Collected data entries

*** Block opens ***

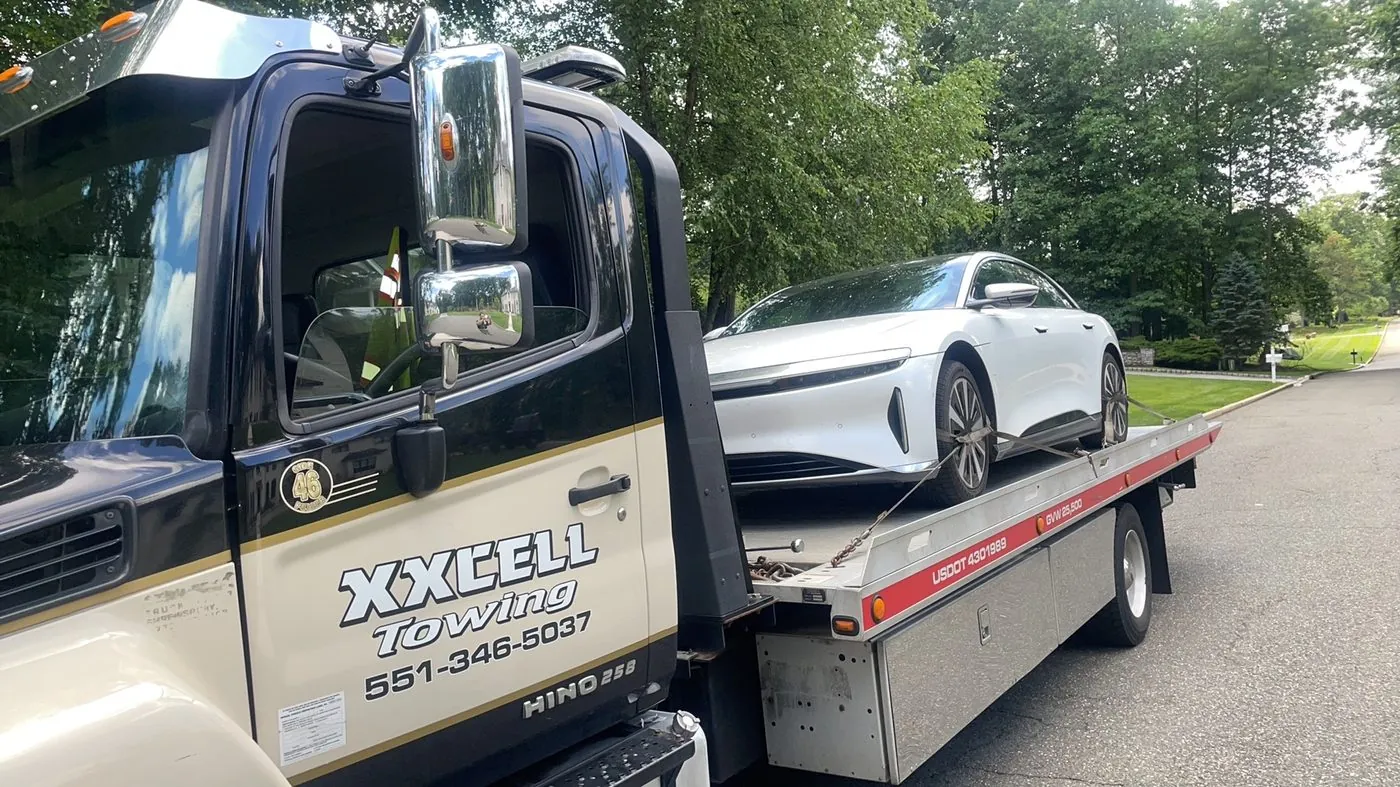 XXCELL Towing transporting a Lucid Air EV in Tenafly NJ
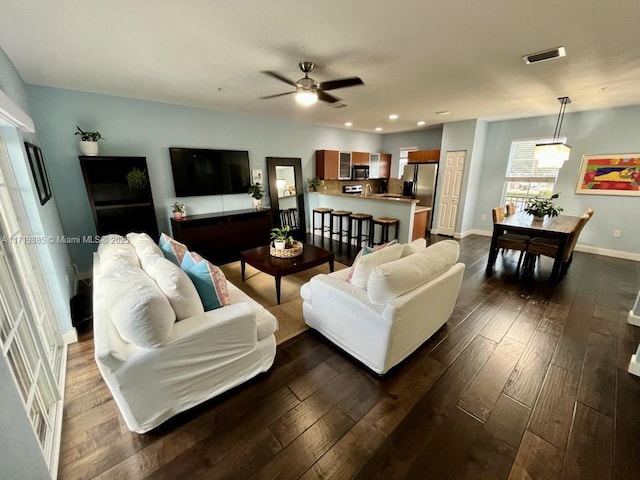 living room featuring ceiling fan and dark hardwood / wood-style flooring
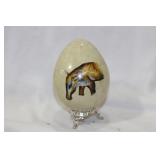 A Painted Stone Egg on Stand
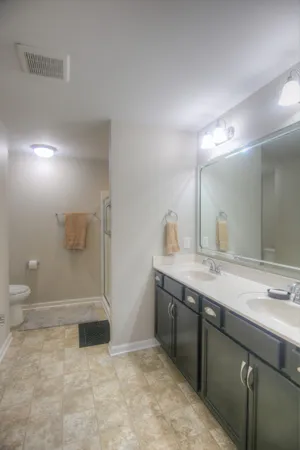 a bathroom with a glass shower door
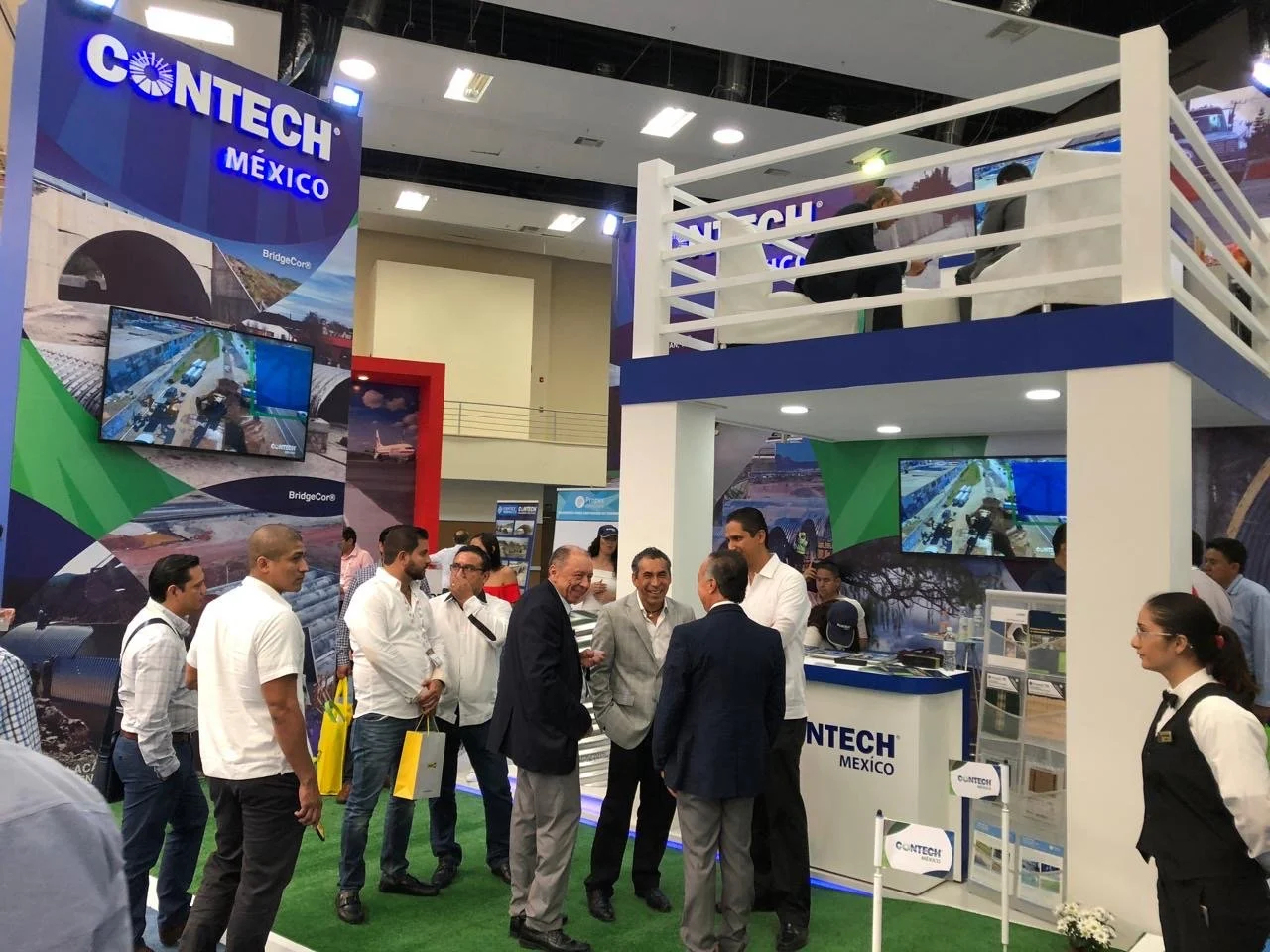 Trade show booth for CONTECH MEXICO with multiple people engaging in conversation. The booth features large screens showing construction or infrastructure projects, with promotional materials and a small seated area on an upper level. The setting is 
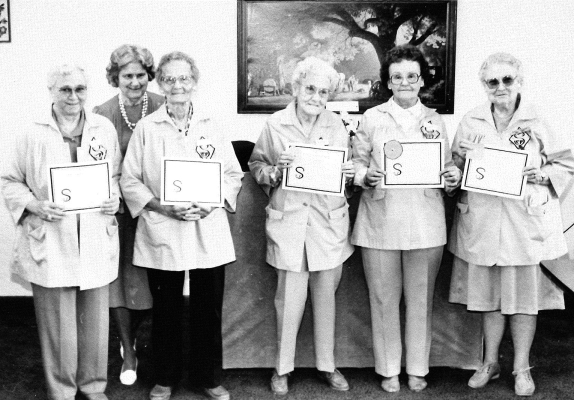 THE ROOKS COUNTY SENIOR COMPANIONS attended the In-Service Training and Recognition on April 6th, 1989, in the Community Room of the Valley View Apartments in Stockton. The ladies who were recognized for their years of service were (from left to right) Doris Eller, Mildred Fischer, Jennie Aust, Opal Wilkerson, Vera Gouldman, and Mary Smee, with featured speaker and presenter Sue George, Director of Health Promotion at Hadley Regional Medical Center, pictured in the background.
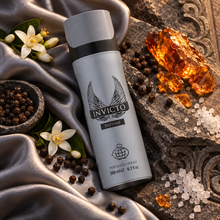 Overhead Invicto Intense capped grey spray can on silver silk with orange blossom pepper amber and salt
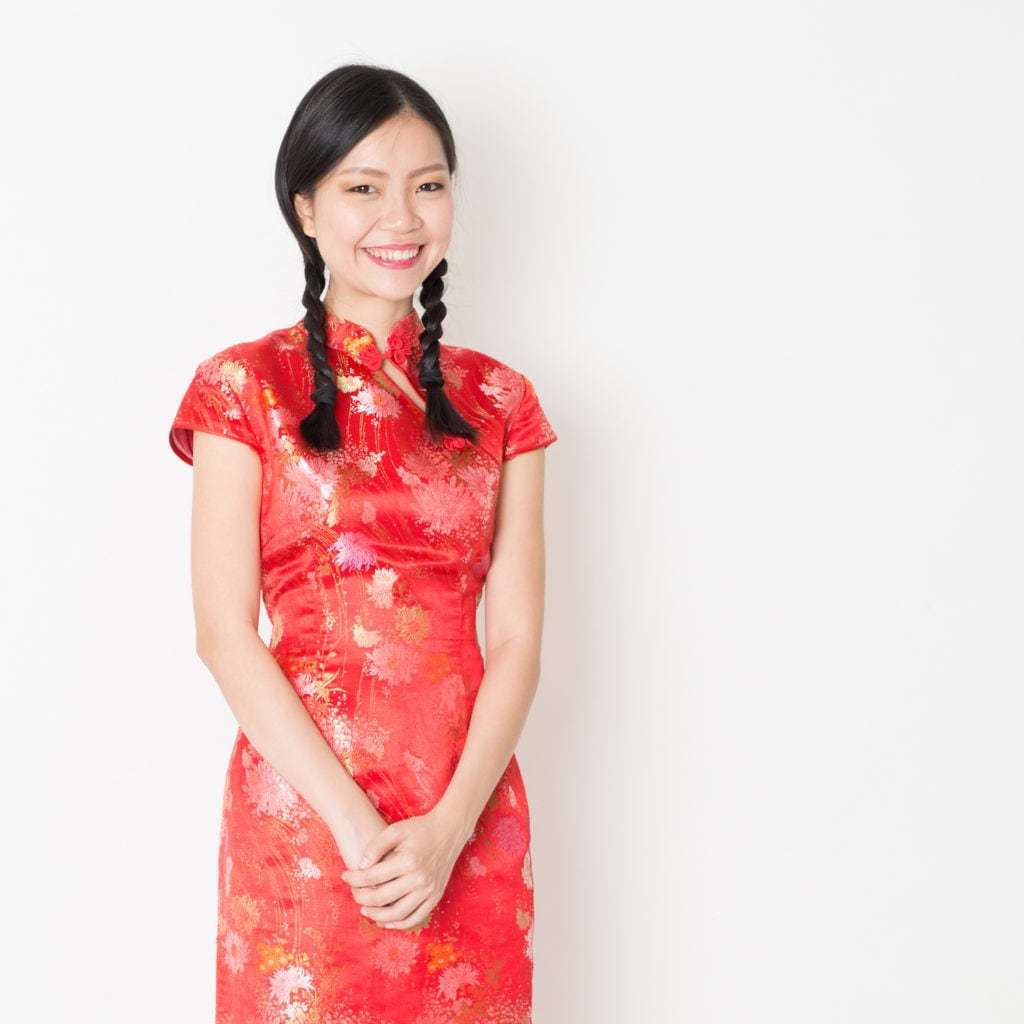Coiffures asiatiques : Modèle asiatique aux cheveux bruns lisses avec des nattes tressées, portant une tenue traditionnelle rouge à fleurs.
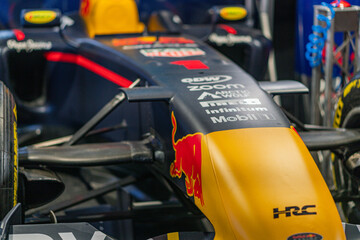 Fototapeta premium Formula 1 car against blurred background, TAG Heuer and Infiniti sponsor logos, red, black, yellow color scheme, front wing, aerodynamic nose section, indoor environ - Kyiv, Ukraine - June 7, 2025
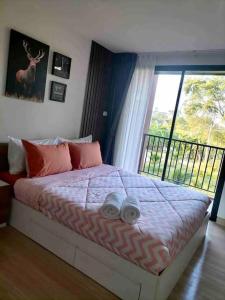 华欣Cozy resort-style condominium的一间卧室设有一张床,享有窗户的景色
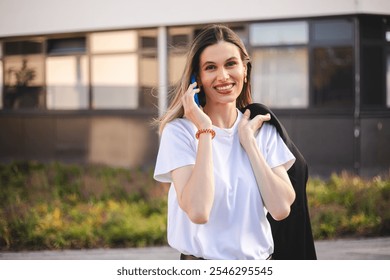 Beauty short hair woman holding jacket over shoulder. Professional businesswoman happily answering a phone call near office. Happy caucasian female using a mobile phone to communicate with partners. - Powered by Shutterstock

*** Block closes ***

Retyping should start at the first line of the data above and stop after the line with "a bathroom with a glass shower door", and no picture should be included.

 XXCELL Towing transporting a Lucid Air EV in Tenafly NJ
 living room featuring ceiling fan and dark hardwood / wood-style flooring
 A Painted Stone Egg on Stand
 a bathroom with a glass shower door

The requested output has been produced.